2084: The Recurring Liberal Apocalypse

2084This was first published at the National.

The true subject of science fiction is always the present. Its imagined futures are mirrors to today’s hopes and fears. George Orwell’s “1984” simply shifted the numbers of the year in which he wrote the book – 1948 – and made a metaphor of that time’s dark politics. Likewise “2084”, the latest from Algerian novelist Boualem Sansal, is addressed to, and in some way is part of, very contemporary woes.

Sansal lays out a fantastically detailed dystopia in complex and often elegant prose. After the Great Holy War killed hundreds of millions, an absolutist theocracy has been founded by Abi the Delegate, servant of the god Yolah. Abi’s rule is secured by such institutions as the Apparatus and the Ministry of Moral Health, and displayed by frequent mass slaughters of heretics in stadia built for the purpose. The nine daily prayers are compulsory. Women must cloak themselves in thick ‘burniqabs’.

Dissent, individuality, and progress have been abolished. The future must be a strict replica of the past.

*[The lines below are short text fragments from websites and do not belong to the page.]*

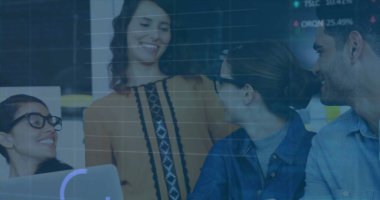 Ofiste gülümseyen çeşitli meslektaşların veri işleme ve diyagramlarının görüntüsü. Teknoloji, iş ve dijital arayüz kavramı dijital olarak oluşturulmuş görüntü.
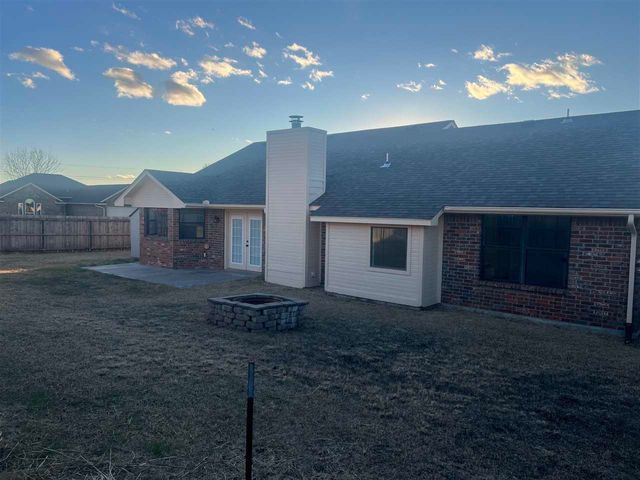 1916 SW Park Grove Dr, Lawton, OK 73505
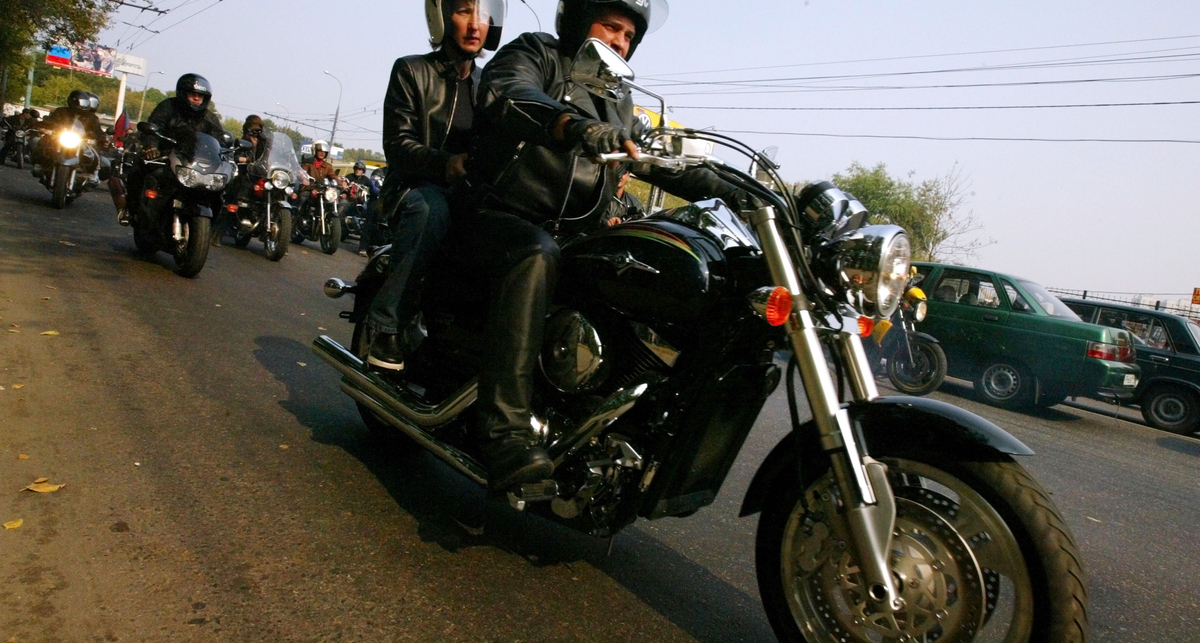 Байкеры могут оглохнуть из-за шлема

All languages are banned save the state-invented ‘Abilang’.

Ati, the story’s vague hero, is sent to a sanatorium in the mountains to cure his tuberculosis. Here he hears rumours of a nearby border, a limit to Abi’s reign. The notion “that the world might be divided, divisible, and humankind might be multiple” sparks a crisis of doubt in him, and then a journey of discovery.

At times “2084” suffers from science fiction’s most common pitfall: an unwieldy listing of technical or political information describing the imagined world outweighs and obscures the necessary human information. Sansal’s characters are somewhat two-dimensional, and the plot can seem almost accidental.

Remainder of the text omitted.